EXERCISE AIM
Write out the data exactly, please, and omit the pictures.

SUPPLIED INFORMATION

- - - - - - -

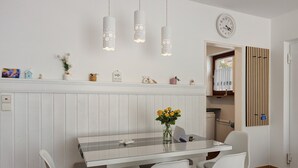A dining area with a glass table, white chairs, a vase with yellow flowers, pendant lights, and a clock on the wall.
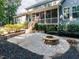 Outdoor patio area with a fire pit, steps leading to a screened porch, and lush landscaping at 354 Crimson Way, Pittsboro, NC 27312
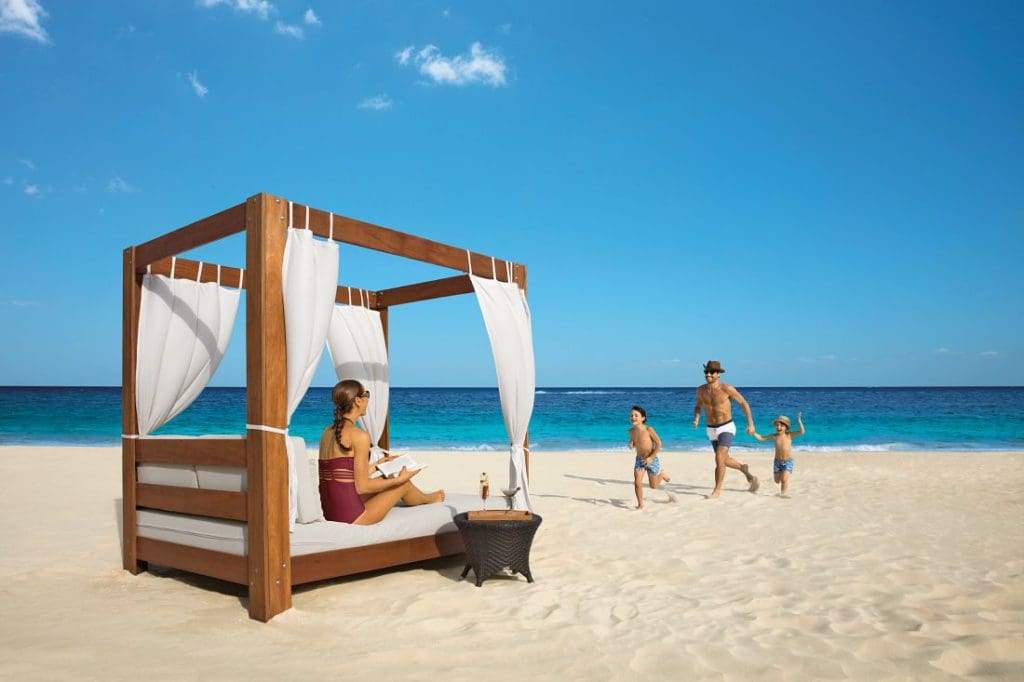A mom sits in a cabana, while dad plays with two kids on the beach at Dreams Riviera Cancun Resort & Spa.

- - - - - - -

RESPONSE TO THIS TASK
A dining area with a glass table, white chairs, a vase with yellow flowers, pendant lights, and a clock on the wall.
 Outdoor patio area with a fire pit, steps leading to a screened porch, and lush landscaping at 354 Crimson Way, Pittsboro, NC 27312
A mom sits in a cabana, while dad plays with two kids on the beach at Dreams Riviera Cancun Resort & Spa.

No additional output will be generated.